Generally, I handle Dow Corning's environmental legal affairs; however, I am also responsible for insuring the protection of Dow Corning technology that has been submitted to various health and environmental agencies.

As you will see from my examples, I have had experience in responding to public requests for documents Dow Corning has submitted to the Government. Even though my comments today are somewhat critical of FOIA as it now exists, I must emphasize that we support the underlying public purpose of this act that is, an open government.

In a democracy, the public has a right to know how its government operates. However, this right must be balanced against the rights of those who have a vested interest in the information they have given the Government.

My basic point this morning is that there are serious ambiguities in the present statute which encourage those who would use FOIA to serve their own private economic interests, whether they be foreign or domestic.

This abuse adds unwarranted risks and costs to our business. Further, we believe these ambiguities can be legislatively corrected without undermining the basic purpose of FOIA.

The risk of losing proprietary information through FOIA abuse was clearly illustrated to me by two recent events. The first was a publication of an article entitled "The Freedom of Information Act; Strategic Opportunities and Threats," in the winter 1978 issue of the "Sloan Management Review."
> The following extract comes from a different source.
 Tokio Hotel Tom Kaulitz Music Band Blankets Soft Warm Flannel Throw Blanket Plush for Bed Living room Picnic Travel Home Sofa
In this article, the authors described how FOIA could be used to gain and I use their words-a differential competitive advantage. Here is one of America's most prestigious business journals teaching the world how FOIA can serve private economic interests. The second event which showed me the reality of this abuse was a series of four requests over a period of about 1 to 2 years for copies of all environmental permits and supporting documents for Dow Corning's two basic U.S. manufacturing facilities.

These documents not only described the character of the environmental discharges, but they also contained production capabilities, construction cost figures, and certain critical process operating details.

Initially, one may think these requests would be the ultimate public purpose-a citizen reviewing the Government's environmental decisions. However, three of the four requests were filed by large metropolitan law firms on behalf of an unknown client, and the fourth by an environmental consulting firm acting on behalf of an anonymous client reportedly in the same line of business as Dow Corning.